Robredo explained that the timing of the push for House Bill No. 6875 is off because the spread of the latest coronavirus strain — which she considered one of the largest problems faced by humanity — would need attention from both government officials and critics.
The Vice President labeled several problems that the country’s healthcare systems encountered, like the limited capacity for COVID-19 testings, lack of personal protective equipment, the inadequate transportation modes, and the slow distribution of the social aid — issues that the Anti-Terror Bill would not be of any help.
“Wala ni isa sa mga nabanggit kong pangangailangan ang matutugunan ng batas na ito,” Robredo said in a statement. “Kailangan kong idiin: Ang COVID-19 ang pinakamatinding krisis na sinapit ng sangkatauhan sa loob ng maraming henerasyon, at walang ibang paraang daigin ito kundi ang ibuhos ang buong lakas ng bawat indibiduwal, bawat grupo, bawat institusyon sa pagtugon. All hands on deck ang kailangan.”
“Maliban sa pagiging wala sa timing, gusto ko ring linawin kung ang batas nga bang ito ang sagot sa terorismo […] Ang tanong ko nga: Terorismo ba talaga ang tuon ng Terror Bill? O gusto lang nitong bigyan ng kapangyarihan ang estado para bansagang terorista kung sino man ang kanilang gusto?” she asked.
Robredo emphasized that while she is against terrorism, crafting a law that would bring drastic changes to the already existing Human Security Act of 2007 should not be rushed.
Last Monday, President Rodrigo Duterte wrote a letter to House Speaker Alan Peter Cayetano, certifying HB 6875 as urgent. The House adopted the Senate’s version of the bill, and has recently approved it on second reading.
Human rights organizations and various progressive groups are wary that the Anti-Terror Bill might be used to stifle groups and personalities criticizing the government, as the bill allows law enforcers to conduct electronic surveillance and warrantless arrests.
Law enforcers’ liability for failure or late delivery of arrested suspects is also removed while suspected terrorists can be arrested without warrants — leading some to question whether it would grant the executive branch powers belonging to the judiciary.

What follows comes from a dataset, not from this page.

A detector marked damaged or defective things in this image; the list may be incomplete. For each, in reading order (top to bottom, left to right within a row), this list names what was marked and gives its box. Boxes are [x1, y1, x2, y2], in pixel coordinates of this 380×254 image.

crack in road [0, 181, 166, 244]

Several groups also made statements similar to Robredo’s, asking why the government is fixated on the Anti-Terror Bill when it cannot even solve the problems related to the pandemic.
Administration officials and supporters of the bill however assured that there are safeguards against abuse, with Defense Secretary Delfin Lorenzana saying that the provisions ensure the protection of human rights.

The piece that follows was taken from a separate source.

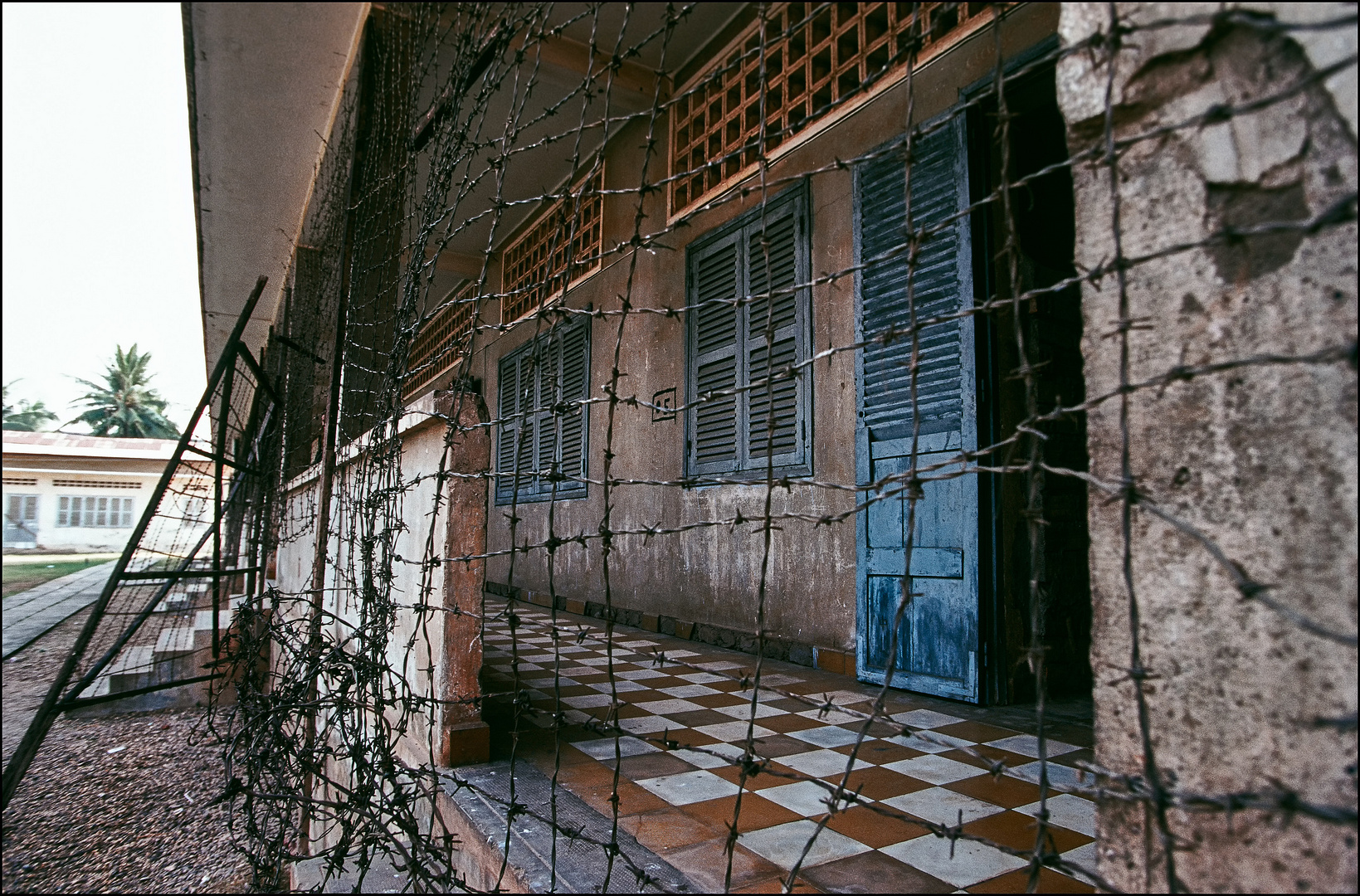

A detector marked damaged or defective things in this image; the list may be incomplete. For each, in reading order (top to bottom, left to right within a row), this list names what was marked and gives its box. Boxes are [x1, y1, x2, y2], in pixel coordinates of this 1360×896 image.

peeling plaster wall [1055, 3, 1354, 892]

But for Robredo, discussions about the Anti-Terror Bill should come later, after the government is capable of managing the COVID-19 outbreaks.
“Inuulit natin ang panawagan: Itutok sana ng bawat institusyon ang buo at walang-kahating atensyon sa pagtugon sa mga pinakaagaran at pinakamahahalagang pangangailangan,” Robredo noted.

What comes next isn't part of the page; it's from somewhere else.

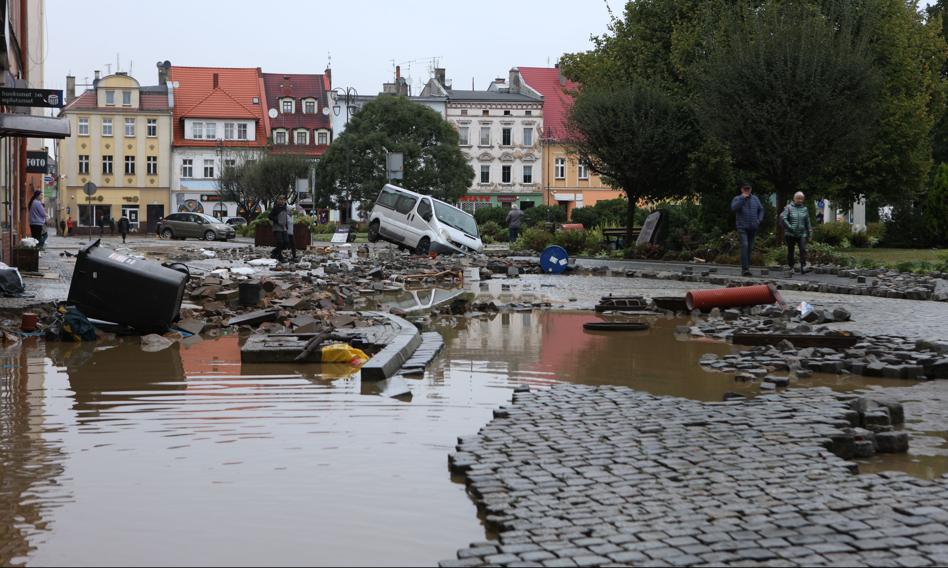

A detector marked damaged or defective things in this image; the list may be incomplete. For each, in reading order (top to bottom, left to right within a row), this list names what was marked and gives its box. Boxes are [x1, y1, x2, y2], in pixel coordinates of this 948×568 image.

“Huwag madaliin ang pagpanday ng batas, lalo na ang mga batas na direktang nakakaapekto sa buhay at paraan ng pamumuhay ng napakarami sa atin. Sikapin sana nating maisalamin nito ang saloobin at adhikain ng taumbayan. Hinihimok natin ang ating mga mambabatas: Magpamalas sana sila ng ibayong pakikinig at paninilay sa pagpanday ng Terror Bill,” she added.
INQUIRER.net is trying to get the side of Malacañang but has yet to respond as of posting time.